Recursion or iteration (was Fibonacci series recursion error)

[Hans Mulder]

On 13/05/2011 13:11, rusi wrote:
> On May 12, 3:06 am, Hans Mulder<han... at xs4all.nl>  wrote:
>> On 03/05/2011 09:52, rusi wrote:
>>
>>> [If you believe it is, then try writing a log(n) fib iteratively :D ]
>>
>> It took me a while, but this one seems to work:
>>
>> from collections import namedtuple
>>
>> Triple = namedtuple('Triple', 'hi mid lo')
>> Triple.__mul__ = lambda self, other: Triple(
>>       self.hi * other.hi + self.mid * other.mid,
>>       self.hi * other.mid + self.mid * other.lo,
>>       self.mid * other.mid + self.lo * other.lo,
>> )
>>
>> def fib(n):
>>       f = Triple(1, 1, 0)
>>       a = Triple(1, 0, 1)
>>       while n:
>>           if n&  1:
>>               a *= f
>>           f *= f
>>           n>>= 1
>>       return a.mid
>>
>> -- HansM
>
> Bravo! Can you explain this?
>
> The tightest way I knew so far was this:
> The 2x2 matrix
> 0 1
> 1 1
> raised to the nth power gives the nth fibonacci number. [And then use
> a logarithmic matrix mult]
> Your version is probably tighter than this.

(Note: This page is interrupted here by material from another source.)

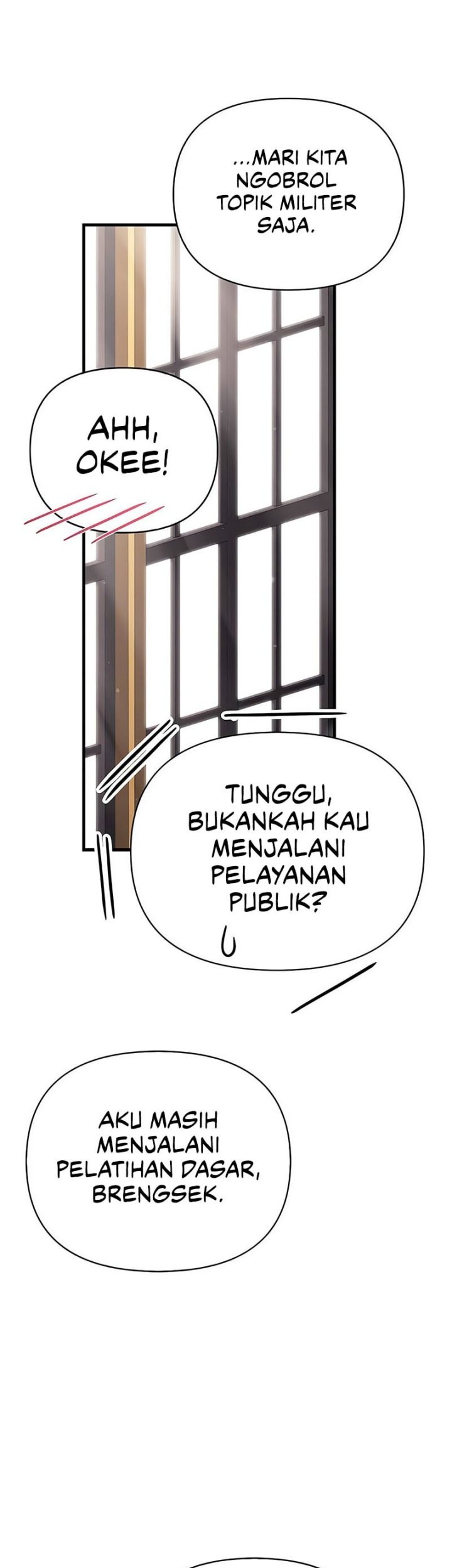 Chapter 105 - halaman 21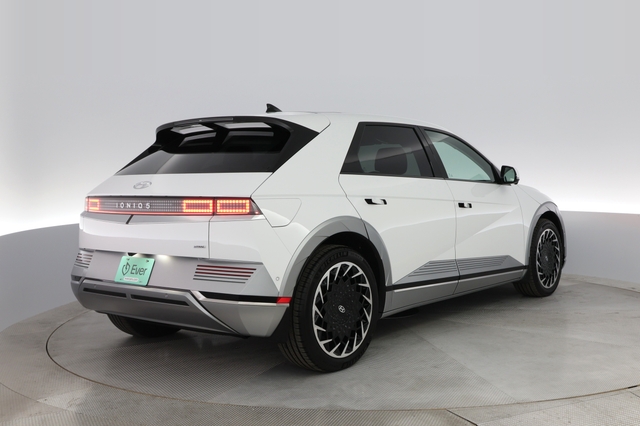 2023 Hyundai IONIQ 5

My method is just a thinly disguised version of your method: your 2x2
matrices are symmetrical, i.e. the number in the upper right is equal
to the number in the lower left.  So I can save some memory and some
CPU time by working with only three numbers.

> Yet one could argue that this is 'cheating' because you (and I) are
> still solving the power problem.

That's true.

> What I had in mind was to use fib results like:
> f_(2n) = f_n^2 + f_(n+1)^2
> and use these in the same way (from first principles) like we use the
> equation
> x^2n = (x*x)^n
> to arrive at a logarithmic power algo.

To compute f(4n) this way, you need to compute both f(2n) and f(2n+1)
first, and to compute those, you need f(n) and f(n+1) and f(n+2)....

I think I can construct an O(log(n)**2) algorithm this way.

And it would still be 'cheating', because we'd still use some special
property of the Fibonacci sequence to reduce our problem to the power
problem.  I think this sort of cheating can't be avoided: there is no
general method to compute recurrent sequences faster than O(n);
Fibonacci is just a special case.

-- HansM